Veröffentlicht: 29. September 2018Kategorien: Karriere und Beruf

Sie arbeiten in einer kleinen oder mittelgroßen Stadt, jedenfalls nicht in Berlin, Hamburg oder Köln. Vielleicht sind Sie bereits seit Jahren beim gleichen Arbeitgeber angestellt. Ihre Freunde führen ein ähnliches Leben wie Sie. Sie merken wenig von den Veränderungen in der Arbeitswelt. Neulich waren Sie in Berlin – schon komische Leute da, die sie in den Reformhäusern und auf den Straßen treffen. „Das ist aber auch ganz anders da, in so einem Berlin“, sagen Sie. Mit Ihnen hat das nichts zu tun…Doch!

Möglich dass Ihr Arbeitgeber noch zu denen gehört, die meinen, der Mensch sei eine Maschine, ein Computer, programmierbare Intelligenz – und der Sie und Ihre Kollegen deshalb an die immer schlankeren Prozesse anpasst.  Aber, sollte das so sein, wird er in sieben Jahren umgedacht haben. Wenn er dann überhaupt noch existiert. Was möglich ist, wird möglich werden, war schon immer das Motto jeder Veränderung. Zukunftsforscher, die das, was derzeit in so atemberaubenden Tempo passiert, schon vor weit mehr einem Jahrzehnt gesehen haben, bekommen nun recht.

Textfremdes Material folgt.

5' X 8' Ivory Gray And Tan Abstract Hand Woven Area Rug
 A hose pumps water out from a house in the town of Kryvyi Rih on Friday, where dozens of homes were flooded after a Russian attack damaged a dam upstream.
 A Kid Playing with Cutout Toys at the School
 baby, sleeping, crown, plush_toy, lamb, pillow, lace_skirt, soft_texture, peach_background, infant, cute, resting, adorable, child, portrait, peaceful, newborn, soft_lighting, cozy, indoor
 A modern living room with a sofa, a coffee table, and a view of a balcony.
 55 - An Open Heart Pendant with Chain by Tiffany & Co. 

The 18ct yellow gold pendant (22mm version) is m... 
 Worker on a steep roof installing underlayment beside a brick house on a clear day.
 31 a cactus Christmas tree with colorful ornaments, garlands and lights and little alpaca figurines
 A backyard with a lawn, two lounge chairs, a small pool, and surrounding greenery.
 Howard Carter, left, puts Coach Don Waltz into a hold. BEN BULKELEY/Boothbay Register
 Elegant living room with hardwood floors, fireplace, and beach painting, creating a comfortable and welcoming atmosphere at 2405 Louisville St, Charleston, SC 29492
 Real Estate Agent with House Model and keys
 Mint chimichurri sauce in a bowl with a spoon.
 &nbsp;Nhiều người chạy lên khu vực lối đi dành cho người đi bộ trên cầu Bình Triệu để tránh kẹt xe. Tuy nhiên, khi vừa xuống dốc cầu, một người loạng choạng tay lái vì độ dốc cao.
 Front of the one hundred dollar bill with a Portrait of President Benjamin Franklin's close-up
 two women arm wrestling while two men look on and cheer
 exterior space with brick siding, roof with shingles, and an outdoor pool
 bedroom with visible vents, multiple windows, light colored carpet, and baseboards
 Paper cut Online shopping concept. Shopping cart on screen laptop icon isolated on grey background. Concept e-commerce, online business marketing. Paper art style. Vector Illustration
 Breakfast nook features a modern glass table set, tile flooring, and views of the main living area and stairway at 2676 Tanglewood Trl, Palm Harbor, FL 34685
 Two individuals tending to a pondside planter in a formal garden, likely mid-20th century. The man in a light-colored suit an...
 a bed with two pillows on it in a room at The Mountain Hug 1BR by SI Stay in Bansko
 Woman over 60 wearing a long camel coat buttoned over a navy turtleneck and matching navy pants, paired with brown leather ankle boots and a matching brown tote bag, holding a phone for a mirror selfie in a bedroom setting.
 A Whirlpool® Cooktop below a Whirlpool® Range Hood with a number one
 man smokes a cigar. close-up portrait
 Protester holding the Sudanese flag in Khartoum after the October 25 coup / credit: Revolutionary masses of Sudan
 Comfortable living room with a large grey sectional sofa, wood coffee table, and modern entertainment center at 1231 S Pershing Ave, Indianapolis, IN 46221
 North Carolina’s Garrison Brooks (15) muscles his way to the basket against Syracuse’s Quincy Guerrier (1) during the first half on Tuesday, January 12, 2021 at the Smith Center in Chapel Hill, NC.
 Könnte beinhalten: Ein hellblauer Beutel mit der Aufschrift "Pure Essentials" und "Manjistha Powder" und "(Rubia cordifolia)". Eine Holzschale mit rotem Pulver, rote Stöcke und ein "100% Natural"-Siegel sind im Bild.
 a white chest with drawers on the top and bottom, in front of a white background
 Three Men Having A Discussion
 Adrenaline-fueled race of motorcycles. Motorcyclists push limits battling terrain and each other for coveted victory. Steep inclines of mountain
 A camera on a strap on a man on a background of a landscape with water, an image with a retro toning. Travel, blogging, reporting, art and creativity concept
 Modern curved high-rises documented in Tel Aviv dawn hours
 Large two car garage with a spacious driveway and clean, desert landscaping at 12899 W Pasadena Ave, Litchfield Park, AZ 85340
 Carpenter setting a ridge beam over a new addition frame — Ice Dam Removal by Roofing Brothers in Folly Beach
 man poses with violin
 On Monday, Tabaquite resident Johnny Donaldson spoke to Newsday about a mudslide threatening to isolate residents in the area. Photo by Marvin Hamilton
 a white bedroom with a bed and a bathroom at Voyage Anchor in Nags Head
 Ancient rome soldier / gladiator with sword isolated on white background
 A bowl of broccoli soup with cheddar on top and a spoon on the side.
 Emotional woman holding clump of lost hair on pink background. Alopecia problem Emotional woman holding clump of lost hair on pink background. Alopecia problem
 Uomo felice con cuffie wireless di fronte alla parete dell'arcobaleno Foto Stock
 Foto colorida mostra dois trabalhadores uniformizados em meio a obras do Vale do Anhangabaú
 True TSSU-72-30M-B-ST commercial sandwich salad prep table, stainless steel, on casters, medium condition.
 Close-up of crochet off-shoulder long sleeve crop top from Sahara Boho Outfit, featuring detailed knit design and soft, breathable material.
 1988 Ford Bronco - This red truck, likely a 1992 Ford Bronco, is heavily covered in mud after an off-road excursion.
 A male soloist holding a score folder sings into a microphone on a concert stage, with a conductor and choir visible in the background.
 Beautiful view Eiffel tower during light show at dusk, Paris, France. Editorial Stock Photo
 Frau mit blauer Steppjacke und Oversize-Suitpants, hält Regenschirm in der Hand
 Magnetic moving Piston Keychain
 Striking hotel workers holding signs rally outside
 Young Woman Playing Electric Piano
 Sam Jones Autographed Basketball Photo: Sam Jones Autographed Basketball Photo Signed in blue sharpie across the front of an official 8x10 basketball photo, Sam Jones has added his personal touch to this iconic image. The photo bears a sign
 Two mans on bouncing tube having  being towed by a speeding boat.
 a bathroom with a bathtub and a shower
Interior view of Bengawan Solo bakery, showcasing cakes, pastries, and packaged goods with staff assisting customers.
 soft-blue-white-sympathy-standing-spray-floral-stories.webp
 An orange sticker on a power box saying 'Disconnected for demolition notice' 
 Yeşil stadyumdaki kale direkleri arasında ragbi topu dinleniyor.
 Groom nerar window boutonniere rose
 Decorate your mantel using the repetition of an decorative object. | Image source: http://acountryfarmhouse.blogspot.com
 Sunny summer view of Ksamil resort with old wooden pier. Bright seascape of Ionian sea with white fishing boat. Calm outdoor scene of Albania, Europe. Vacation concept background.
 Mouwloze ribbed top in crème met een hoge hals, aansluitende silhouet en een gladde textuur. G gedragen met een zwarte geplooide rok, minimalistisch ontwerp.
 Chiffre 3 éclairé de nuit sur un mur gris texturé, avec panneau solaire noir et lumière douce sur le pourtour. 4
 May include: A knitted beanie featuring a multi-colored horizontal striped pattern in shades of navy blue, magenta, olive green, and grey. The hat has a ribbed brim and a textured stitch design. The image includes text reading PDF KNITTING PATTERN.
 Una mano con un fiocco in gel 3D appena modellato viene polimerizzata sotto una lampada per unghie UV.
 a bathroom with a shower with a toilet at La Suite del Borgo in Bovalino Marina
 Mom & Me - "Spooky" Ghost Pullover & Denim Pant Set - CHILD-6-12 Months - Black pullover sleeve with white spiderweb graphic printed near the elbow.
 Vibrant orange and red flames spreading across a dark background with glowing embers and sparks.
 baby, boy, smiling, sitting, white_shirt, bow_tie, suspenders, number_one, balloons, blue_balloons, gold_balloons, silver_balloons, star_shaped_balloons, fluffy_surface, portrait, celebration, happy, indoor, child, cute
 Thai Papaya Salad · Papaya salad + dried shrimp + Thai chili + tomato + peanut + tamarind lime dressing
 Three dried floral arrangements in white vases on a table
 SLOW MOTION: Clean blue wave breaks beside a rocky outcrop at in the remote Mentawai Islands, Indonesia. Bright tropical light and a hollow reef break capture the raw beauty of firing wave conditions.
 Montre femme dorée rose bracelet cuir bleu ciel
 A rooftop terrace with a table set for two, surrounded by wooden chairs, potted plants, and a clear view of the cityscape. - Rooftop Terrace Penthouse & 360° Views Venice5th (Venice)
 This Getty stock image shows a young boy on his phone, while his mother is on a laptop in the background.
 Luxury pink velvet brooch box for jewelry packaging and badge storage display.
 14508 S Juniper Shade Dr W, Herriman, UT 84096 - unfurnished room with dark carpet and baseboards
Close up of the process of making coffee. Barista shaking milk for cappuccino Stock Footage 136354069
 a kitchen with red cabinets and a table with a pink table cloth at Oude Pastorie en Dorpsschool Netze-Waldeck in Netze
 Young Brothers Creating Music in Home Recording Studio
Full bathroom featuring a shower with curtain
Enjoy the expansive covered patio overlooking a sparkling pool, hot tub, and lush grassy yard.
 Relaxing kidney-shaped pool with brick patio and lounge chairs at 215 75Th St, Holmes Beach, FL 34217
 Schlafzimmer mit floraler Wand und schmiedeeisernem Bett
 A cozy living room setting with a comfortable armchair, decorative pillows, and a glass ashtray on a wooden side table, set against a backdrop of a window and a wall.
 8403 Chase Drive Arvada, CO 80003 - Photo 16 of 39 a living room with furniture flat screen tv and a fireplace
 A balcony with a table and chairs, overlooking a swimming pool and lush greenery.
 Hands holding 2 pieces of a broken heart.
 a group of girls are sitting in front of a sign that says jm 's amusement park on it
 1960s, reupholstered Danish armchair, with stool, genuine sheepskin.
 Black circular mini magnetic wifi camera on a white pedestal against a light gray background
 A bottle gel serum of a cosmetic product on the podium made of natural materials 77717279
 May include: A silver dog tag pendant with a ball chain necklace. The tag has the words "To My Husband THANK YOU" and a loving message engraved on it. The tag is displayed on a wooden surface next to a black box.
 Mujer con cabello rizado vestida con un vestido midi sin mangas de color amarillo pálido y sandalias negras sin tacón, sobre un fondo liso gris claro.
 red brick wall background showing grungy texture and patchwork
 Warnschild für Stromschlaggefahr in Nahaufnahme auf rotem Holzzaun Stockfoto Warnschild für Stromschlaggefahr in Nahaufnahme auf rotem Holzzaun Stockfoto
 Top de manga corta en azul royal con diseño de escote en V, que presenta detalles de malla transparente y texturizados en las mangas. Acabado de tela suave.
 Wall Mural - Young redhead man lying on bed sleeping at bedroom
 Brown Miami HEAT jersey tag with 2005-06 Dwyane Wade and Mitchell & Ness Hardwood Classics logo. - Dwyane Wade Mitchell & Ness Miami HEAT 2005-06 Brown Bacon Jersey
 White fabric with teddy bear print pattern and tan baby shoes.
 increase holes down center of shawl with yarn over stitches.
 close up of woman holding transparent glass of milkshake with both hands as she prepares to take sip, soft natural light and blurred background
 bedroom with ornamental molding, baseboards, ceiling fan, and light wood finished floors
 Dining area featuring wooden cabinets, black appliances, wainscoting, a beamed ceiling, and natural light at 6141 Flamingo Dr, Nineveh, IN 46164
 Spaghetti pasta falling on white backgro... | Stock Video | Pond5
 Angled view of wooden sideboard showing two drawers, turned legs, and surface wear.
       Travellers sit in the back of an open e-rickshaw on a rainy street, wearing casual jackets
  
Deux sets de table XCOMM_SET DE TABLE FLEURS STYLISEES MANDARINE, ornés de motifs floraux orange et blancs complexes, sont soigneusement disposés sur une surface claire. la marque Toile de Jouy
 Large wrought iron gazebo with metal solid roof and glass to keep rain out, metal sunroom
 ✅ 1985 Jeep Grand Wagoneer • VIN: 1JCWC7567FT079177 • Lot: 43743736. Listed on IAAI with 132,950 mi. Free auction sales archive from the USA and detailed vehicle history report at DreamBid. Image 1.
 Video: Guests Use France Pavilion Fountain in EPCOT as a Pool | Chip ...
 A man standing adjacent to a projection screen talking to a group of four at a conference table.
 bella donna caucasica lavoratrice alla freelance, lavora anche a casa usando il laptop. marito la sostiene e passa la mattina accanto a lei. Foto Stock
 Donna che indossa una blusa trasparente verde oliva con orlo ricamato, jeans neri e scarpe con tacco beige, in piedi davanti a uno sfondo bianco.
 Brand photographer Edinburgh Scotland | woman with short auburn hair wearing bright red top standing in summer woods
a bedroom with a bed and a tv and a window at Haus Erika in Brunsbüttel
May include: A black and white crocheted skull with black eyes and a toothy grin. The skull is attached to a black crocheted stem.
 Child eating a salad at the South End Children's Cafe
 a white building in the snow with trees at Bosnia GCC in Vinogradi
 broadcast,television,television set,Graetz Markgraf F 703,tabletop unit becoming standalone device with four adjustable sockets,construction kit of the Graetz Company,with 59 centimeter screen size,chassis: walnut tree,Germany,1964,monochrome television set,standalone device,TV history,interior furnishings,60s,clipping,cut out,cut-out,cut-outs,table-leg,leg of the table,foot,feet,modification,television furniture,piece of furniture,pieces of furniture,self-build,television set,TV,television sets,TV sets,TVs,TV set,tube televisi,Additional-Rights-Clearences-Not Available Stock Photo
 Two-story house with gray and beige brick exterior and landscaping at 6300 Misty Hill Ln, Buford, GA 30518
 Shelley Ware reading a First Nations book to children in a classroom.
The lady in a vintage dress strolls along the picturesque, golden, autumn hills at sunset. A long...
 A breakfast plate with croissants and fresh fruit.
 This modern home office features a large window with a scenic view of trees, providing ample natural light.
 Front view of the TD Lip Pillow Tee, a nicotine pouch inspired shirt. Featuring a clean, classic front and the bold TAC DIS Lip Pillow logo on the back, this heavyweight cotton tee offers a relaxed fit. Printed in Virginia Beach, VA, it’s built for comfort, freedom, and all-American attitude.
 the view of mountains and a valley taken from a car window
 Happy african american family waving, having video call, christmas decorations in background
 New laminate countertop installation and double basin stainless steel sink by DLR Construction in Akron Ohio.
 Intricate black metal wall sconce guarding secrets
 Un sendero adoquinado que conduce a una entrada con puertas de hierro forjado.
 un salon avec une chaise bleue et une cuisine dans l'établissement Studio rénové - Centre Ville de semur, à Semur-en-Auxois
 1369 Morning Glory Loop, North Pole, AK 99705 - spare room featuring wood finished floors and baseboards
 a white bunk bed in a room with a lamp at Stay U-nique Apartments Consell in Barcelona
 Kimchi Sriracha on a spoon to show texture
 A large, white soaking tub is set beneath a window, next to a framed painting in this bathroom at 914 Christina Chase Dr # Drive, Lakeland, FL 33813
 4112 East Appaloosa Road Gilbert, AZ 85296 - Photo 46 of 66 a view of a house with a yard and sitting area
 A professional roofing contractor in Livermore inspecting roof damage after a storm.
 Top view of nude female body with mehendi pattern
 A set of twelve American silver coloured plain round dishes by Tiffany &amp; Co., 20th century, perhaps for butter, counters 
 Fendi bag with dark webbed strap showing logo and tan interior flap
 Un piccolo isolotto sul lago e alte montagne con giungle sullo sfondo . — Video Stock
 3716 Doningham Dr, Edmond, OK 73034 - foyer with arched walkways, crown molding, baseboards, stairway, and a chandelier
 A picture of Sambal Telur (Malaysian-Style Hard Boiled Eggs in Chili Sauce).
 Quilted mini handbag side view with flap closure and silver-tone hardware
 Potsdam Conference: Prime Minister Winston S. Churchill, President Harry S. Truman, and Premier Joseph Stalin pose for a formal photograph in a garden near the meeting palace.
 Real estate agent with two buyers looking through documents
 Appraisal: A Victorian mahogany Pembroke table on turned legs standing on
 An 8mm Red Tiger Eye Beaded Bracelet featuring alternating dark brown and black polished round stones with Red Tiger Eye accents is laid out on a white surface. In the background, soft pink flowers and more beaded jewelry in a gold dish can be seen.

Was Zukunftsforscher wie Horx voraussagten, wird jetzt wahr

Vor 10 Jahren lachten Sie noch, als Sie lasen, Coaching sei eine Art Kommunikationskunst (Matthias Horx), die in der künftigen Arbeitswelt überall gefragt sein würde. Da fanden Sie es absurd, zu denken, dass es nicht mehr auf Expertenwissen und Spezialisten-Nischen-Know-how, sondern auf ein schwer messbares, allerdings sichtbares Können ankommen würde. Dass Sie – SIE! – kreativ die Zukunft gestalten – geradezu absurd. Der Gap zu dem, was Sie in Ihrer kleinen oder mittelgroßen Stadt, seit Jahren beim gleichen Arbeitgeber angestellt, so erleben; er war einfach viel, viel zu groß.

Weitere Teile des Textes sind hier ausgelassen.